BUENOS AIRES (JTA) — Google, Facebook and YouTube are successfully removing large percentages of the anti-Semitic content in Spanish from their platforms, a Buenos Aires-based watchdog has found.
The Web Observatory, or Observatorio Web — a joint initiative between the Latin American Jewish Congress, a regional branch of the World Jewish Congress; the DAIA political umbrella organization for Argentina’s Jewish community; and the AMIA Jewish community center — released a report Sept. 25 on the prevalence of online anti-Semitism in Spanish. In 2016, about 30% of Spanish-language online search results for the word “Jew” — “Judio” in Spanish — contained anti-Semitic content. That figure is now down to about 3%, the report finds.

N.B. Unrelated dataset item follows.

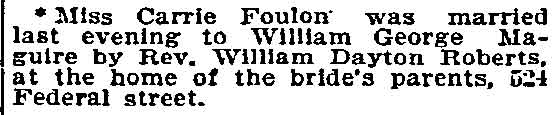 Newspaper item reporting the marriage of Carrie Foulon to William George Maguire, Philadelphia Inquirer, January 22, 1897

The quantity of anti-Semitic content in the top 10 results of a Google search for the term alone has dropped by 50% over the past year.
Spanish is the second most popular language used on Facebook, and about 30% of the content mentioning Jews on the platform in Spanish involves anti-Semitism, the report found. Within the anti-Semitic content, about 65% of it involved the word “Zionism,” and about 40% involved the word “Israel.”
“Israel and Zionism are the vehicles for anti-Semitism online, this is a consolidated trend,” the report states.
In the case of YouTube, Observatorio Web identified 500 videos in Spanish espousing Holocaust denial, which YouTube has now taken down.
“The companies are starting to work against hate speech, but there is still a lot to do yet,” Obervatorio Web Director Ariel Siedler told the Jewish Telegraphic Agency.